Another mother, Antoinette Nyangoma equally talks hopefully of his son who has autism, a condition he was born with.
“It was at the age of three that my son said his first word. When his father realised that our son was born with a disability, he ran away and abandoned us. I have since then been taking care of him by myself,” Nyangoma recalls.

When Jalia Nakintu gave birth to her son, those who were present asked her what kind of child she had given birth to. She looked at her son and just shed tears.
“It was just after two months that my son's head started swelling. I went back to the hospital but nothing was done to treat him. His head started swelling more. I was referred to a number of doctors who asked for huge amounts of money that I could not afford. Some people advised me to dump my son in the village. Others advised me to try local herbs. I went to the village for local herbs but they didn’t help. At that time, some people started laughing and stigmatising meand my son but I kept strong,” Nakintu recalls.

Hope

It was much later after she had hopped from hospital to hospital and consulted a number of experts that she eventually saw a ray of hope.
Hope came inform of support from Katalemwa Cheshire Home and later from Joy for children Uganda who offered physiotherapy to her son.
“My son received physiotherapy and after some time, his head stopped swelling. The support saw my son's situation change from near to death to big dreams. He is able to talk, goes to school and his dream is to become a lawyer much as I have to always check on him,” Nakintu says.
What is however disturbing is that none of Nakintu, Nyangoma, or Kabejja leave with the father of their children. They fled away and remarried and left them to raise their children single-handedly. They are single mothers.

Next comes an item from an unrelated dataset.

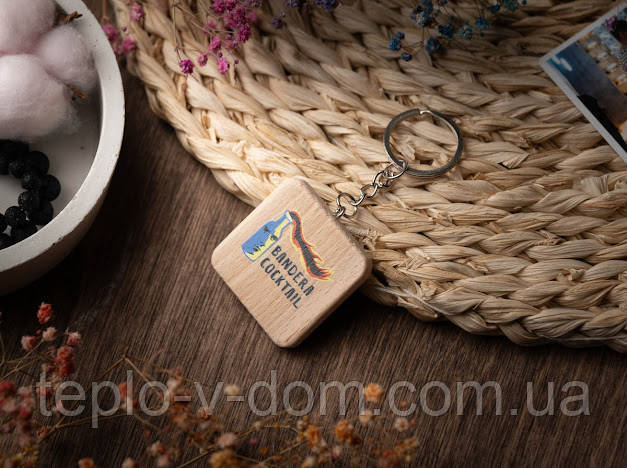 Брелок дерев'яний з гравіюванням. MADE IN UKRAINE. 40х40мм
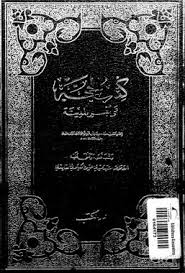 الحجة على أهل المدينة - الجزء الرابع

For Nyangoma, she remembers her then husband openly telling her that the child they had been blessed with was not his son.
Lynda Nakaibale, the Project Officer, Children With Disabilities at Joy for Children Uganda says the limited accessibility to medical services by children with disabilities in slum areas where the organisation works is one of the many challenges that their parents go through. The expenses in form of drugs and treatment in hospitals are not only on a high end but parents and caretakers of such children live in poverty.

The outreaches

“It is at such points that as an organisation, we decide to hold community outreaches to address complex issues where parents can access free medical services to close the gap between hospitals and children with disabilities. They are carried out quarterly in different slums of Mulago, Bwaise, Bukoto and Makerere Kivulu where the project is implemented to restore hope in parents struggling to raise such children,” Ms Nakaibale explains.

The outreaches are aimed at contributing to Sustainable Development Goal three (SDG three) of good health and wellbeing and SDG four of gender equality and inclusion which aims at eliminating gender disparities in education and ensure equal access to all levels of education and vocational training for the vulnerable, including persons with disabilities, indigenous peoples and children in vulnerable situations by 2030.

They are also aimed at extending medical and psychosocial services closer to the Children with Disabilities and the care takers, create a platform for experience sharing amongst the care takers, raise awareness about issues concerning CWDs through sensitization and education and promote parent’s participation in medical and social rehabilitation of CWDs.
“During these outreaches, we also teach skills to parents and caretakers so that they learn how to make materials such as mats and table clothes from which they can earn a living to take care of their special need children,” Ms Nakaibale concludes.